Un panorama des manifestations de la culture musicale inuit
Kenojuak Ashevak (1927-2013), Gardiennes du Katajjaniq, 1992, lithographie, pochoir, 17/50, 51,2 x 66 cm. Collection Jean-Jacques Nattiez. © Reproduced with the permission of Dorset Fine Arts. Photo MBAM, Christine Guest
À l’affiche du 10 novembre 2022 au 12 mars 2023, l’exposition TUSARNITUT! La musique qui vient du froid illustre pour la première fois la diversité et l’étendue de l’expression musicale inuit dans les arts visuels des régions circumpolaires, de l’époque précoloniale à nos jours. Elle présente également ses différents contextes d’exécution, de l’iglou ou de la banquise d’autrefois jusqu’aux scènes d’aujourd’hui. Jean-Jacques Nattiez en assure le commissariat avec Lisa Qiluqqi Koperqualuk, en collaboration avec Charissa von Harringa. Il nous parle ici des principales thématiques de l’exposition et souligne les liens entre les arts visuels inuit et ces deux genres musicaux d’une importance majeure que sont la danse à tambour et le chant de gorge.
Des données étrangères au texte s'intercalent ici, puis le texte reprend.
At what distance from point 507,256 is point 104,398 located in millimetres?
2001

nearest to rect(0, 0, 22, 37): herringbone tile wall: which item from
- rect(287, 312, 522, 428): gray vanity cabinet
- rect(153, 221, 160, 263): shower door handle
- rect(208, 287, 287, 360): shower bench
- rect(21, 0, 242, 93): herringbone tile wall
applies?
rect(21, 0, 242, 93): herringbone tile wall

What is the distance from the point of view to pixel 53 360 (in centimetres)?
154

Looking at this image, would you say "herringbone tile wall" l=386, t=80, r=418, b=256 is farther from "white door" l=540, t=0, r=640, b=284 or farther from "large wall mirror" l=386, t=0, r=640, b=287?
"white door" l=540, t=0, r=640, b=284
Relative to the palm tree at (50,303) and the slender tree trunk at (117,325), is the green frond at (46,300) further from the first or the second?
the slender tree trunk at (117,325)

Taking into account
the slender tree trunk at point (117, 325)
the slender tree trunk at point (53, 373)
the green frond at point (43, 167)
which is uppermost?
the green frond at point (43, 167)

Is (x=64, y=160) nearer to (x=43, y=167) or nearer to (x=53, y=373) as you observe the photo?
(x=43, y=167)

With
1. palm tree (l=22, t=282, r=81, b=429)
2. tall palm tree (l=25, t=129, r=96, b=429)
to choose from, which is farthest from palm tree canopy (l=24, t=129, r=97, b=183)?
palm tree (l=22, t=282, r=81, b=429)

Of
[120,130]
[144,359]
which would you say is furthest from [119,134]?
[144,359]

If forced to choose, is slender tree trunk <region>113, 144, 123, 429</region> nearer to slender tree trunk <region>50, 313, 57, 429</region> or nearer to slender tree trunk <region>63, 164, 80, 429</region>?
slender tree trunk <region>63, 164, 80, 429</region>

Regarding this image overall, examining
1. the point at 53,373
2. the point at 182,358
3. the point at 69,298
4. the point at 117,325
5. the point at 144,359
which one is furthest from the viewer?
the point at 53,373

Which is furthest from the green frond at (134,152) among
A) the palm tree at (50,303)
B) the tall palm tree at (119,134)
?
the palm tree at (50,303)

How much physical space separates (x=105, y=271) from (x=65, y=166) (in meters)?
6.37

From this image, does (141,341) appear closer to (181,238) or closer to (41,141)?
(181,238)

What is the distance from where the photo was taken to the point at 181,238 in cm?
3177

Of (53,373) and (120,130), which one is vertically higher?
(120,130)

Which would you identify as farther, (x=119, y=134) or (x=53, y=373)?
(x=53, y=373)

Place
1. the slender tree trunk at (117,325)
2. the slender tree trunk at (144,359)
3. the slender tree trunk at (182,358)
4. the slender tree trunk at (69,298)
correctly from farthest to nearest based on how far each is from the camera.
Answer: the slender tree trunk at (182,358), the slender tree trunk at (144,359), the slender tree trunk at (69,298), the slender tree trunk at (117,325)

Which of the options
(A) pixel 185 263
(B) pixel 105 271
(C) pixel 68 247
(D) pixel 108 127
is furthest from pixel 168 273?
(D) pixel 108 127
TUSARNITUT! regroupe une centaine de sculptures, d’estampes, de dessins et d’installations d’artistes inuit de renom qui témoignent de l’importance de la musique dans la culture inuit. Provenant des collections du MBAM, de l’Institut culturel Avataq et d’autres prêteurs d’ici et d’ailleurs, ces œuvres sont le fait des peuples autochtones des régions arctiques et subarctiques de l’Inuit Nunaat. Cette vaste région englobe les territoires locaux et les étendues internationales partagées par les Yup’it et les Iñupiat du nord de l’Alaska; les Nunavimmiut (Ungava), Iglulingmuit (Iglulik), Kivallirmiut (Caribou), Netsilingmiut (Netsilik), Inuinnait (Copper) et Inuvialuit de l’Inuit Nunangat du Canada; les Kalaallit du Kalaallit Nunaat (Groenland); et les Tchouktches de Tchoukotka, en Sibérie. Elles sont accompagnées d’un riche corpus d’objets muséaux, de photographies d’archives, de documents et d’enregistrements sonores qui contextualisent les grandes mutations interculturelles de la musique et de l’expression esthétique inuit dans le domaine des arts.
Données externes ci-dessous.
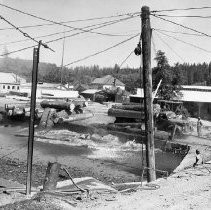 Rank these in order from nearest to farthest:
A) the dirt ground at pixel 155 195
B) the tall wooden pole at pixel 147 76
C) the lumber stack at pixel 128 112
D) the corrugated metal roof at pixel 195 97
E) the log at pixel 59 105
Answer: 1. the dirt ground at pixel 155 195
2. the tall wooden pole at pixel 147 76
3. the lumber stack at pixel 128 112
4. the log at pixel 59 105
5. the corrugated metal roof at pixel 195 97

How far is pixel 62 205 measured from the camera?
9500 millimetres

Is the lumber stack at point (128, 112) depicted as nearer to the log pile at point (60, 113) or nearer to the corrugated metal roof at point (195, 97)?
the log pile at point (60, 113)

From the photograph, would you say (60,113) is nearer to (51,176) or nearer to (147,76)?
(147,76)

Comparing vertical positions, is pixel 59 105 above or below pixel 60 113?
above

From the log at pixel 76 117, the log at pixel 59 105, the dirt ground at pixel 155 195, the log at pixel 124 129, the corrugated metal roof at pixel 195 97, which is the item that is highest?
the corrugated metal roof at pixel 195 97

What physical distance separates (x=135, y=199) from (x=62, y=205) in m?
2.34

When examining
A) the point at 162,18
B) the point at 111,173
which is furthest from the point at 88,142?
the point at 162,18

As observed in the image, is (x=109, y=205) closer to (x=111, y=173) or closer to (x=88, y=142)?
(x=111, y=173)

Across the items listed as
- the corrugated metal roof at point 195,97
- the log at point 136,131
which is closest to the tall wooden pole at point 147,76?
the log at point 136,131

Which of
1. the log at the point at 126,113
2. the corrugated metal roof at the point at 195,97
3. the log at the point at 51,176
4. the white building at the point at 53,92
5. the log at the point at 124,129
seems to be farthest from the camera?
the white building at the point at 53,92

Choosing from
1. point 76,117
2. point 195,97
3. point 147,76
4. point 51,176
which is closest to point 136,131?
point 76,117

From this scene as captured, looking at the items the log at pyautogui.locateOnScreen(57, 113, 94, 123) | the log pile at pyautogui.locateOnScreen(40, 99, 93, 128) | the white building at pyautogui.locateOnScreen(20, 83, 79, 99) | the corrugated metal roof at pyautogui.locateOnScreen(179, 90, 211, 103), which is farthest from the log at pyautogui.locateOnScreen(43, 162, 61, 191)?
the white building at pyautogui.locateOnScreen(20, 83, 79, 99)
Danses à tambour et chants de gorge
L’exposition met en lumière la distinction entre danse à tambour et chant de gorge. Des performances filmées de ces deux genres sont projetées sur les murs de part et d’autre de la salle. À l’entrée, des sculptures et des estampes donnent le ton : elles montrent d’emblée comment les divers aspects de la danse à tambour et du chant de gorge sont traités tout au long de l’exposition. Sélectionnées en fonction de leur qualité esthétique, de la notoriété de leurs créateurs et de leur originalité stylistique, ces œuvres figurent entre autres la position du corps des danseurs et des chanteuses et l’interaction entre les artistes dans différents contextes d’exécution.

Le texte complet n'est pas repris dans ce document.